恋風吹く春、朔月に眠る君
力強い言葉に涙が出そうになる。私ってすごく恵まれてる。それを今更知るなんてね。自分の視野の狭さを今日、思い知った。もっともっと、大事にしないといけないことはこんなにも近くにあったんだね。
「ありがとう」
「どう致しまして」
にっこり笑い合うと、春の温かい風が吹いた。話がひと段落した矢先、『それとさ』と杏子が続けた。
「この流れでもう司くんに悪いとか言わないと思うんだけどさ。双葉は司くんが言ったこと、自分の所為だと思うかもしれないけど、もうこれ以上責めなくていいと思う。

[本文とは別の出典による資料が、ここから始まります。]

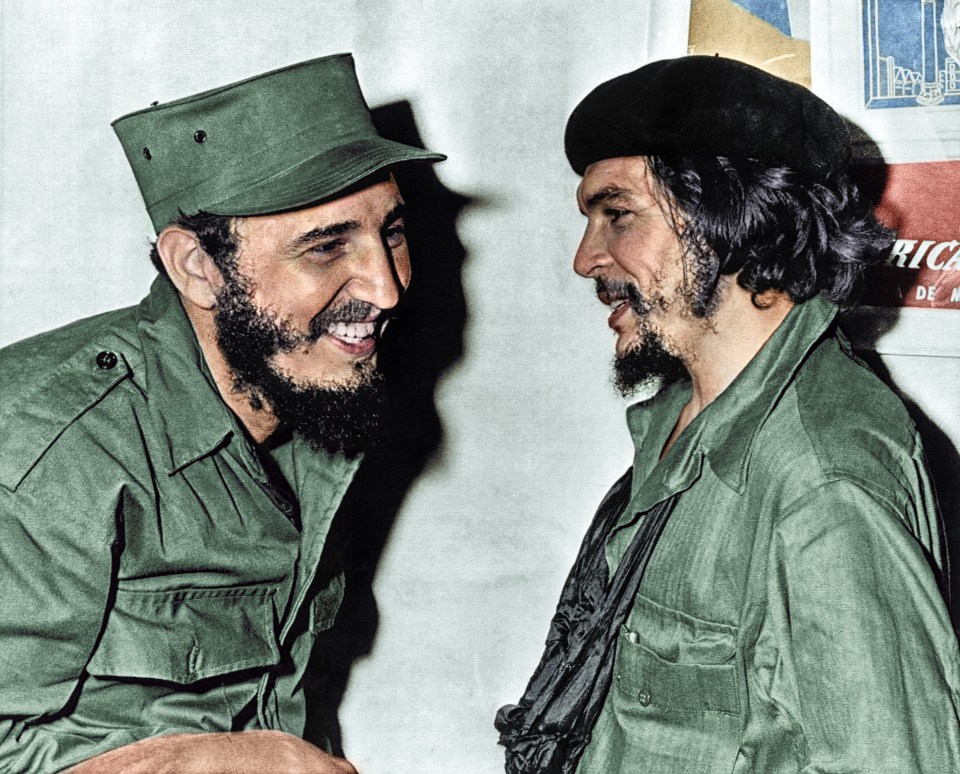 Fidel Castro and Che Guevara laughing together in Cuba.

司くんはそれを望んでないし、別れる時にどっちか一方が悪いとかないんだよ」
杏子が視線を落とし、また反対側の土手に植えられた桜の方を見る。風に吹かれてひらひらと落ちる花弁に物悲しさを覚える。小さな川に花弁が落ちて、たくさん浮いていた。あの花弁は何処へ行くんだろう。
「司くんも本当に欲しかったなら、自分から手放しちゃだめだったんだよ。双葉はちゃんと自分で決めて司くんと付き合った。双葉が選んだんだ。不誠実なこと、何もしてないよ。

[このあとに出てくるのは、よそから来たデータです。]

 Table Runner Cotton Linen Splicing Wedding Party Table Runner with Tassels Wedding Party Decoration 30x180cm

でも、司くんも好きだったから、耐えられなかったんだよ。いつか、離れていくんじゃないかって。司くんは優しいから。双葉もつい甘えて楓ちゃんや朔良くんのことを優先して優しさに感けちゃったんだ。だから、司くんが言ったこと、許してあげてね」
杏子の言葉がすーっと心に落ちて沁み込んでいく。私が選んだんだって、その暖かい声色と共に心臓を揺さぶられる。そして、私と司をどっちも思いやるような優しい言葉が、私を甘やかしてるわじゃないこと、だからと言って責めてるわけじゃないことを教えてくれる。あくまで中立に、想いを汲み取ってくれるその優しさは眩しい程に暖かい。
「許すも何も、司は何も悪いことしてないよ」
視線を戻した杏子がふわりと笑って『そっか』と言った。
「おねーちゃんっ! なかなおりできたー!?」
拙く幼い声が後ろから飛んでくる。驚いて振り返ると、杏子の妹、夏凛(カリン)ちゃんが既に杏子に抱き着いていた。
「夏凛? いつからいたの?」
「うーん? さっきー?」
「何してんだよ、夏凛! 邪魔したらだめだって言っただろ!」
「棗(ナツメ)、あんまり大きな声で怒ったらだめだよ」
後から追いかけてきたもう一人の弟、棗君はとてもご立腹な様子だった。窘めた物静かな男の子は司をちっちゃくしたみたいな顔をしていた。司の弟だろうか。その後ろには司がいて、申し訳なさそうに顔の前で両手を合わせて謝っていた。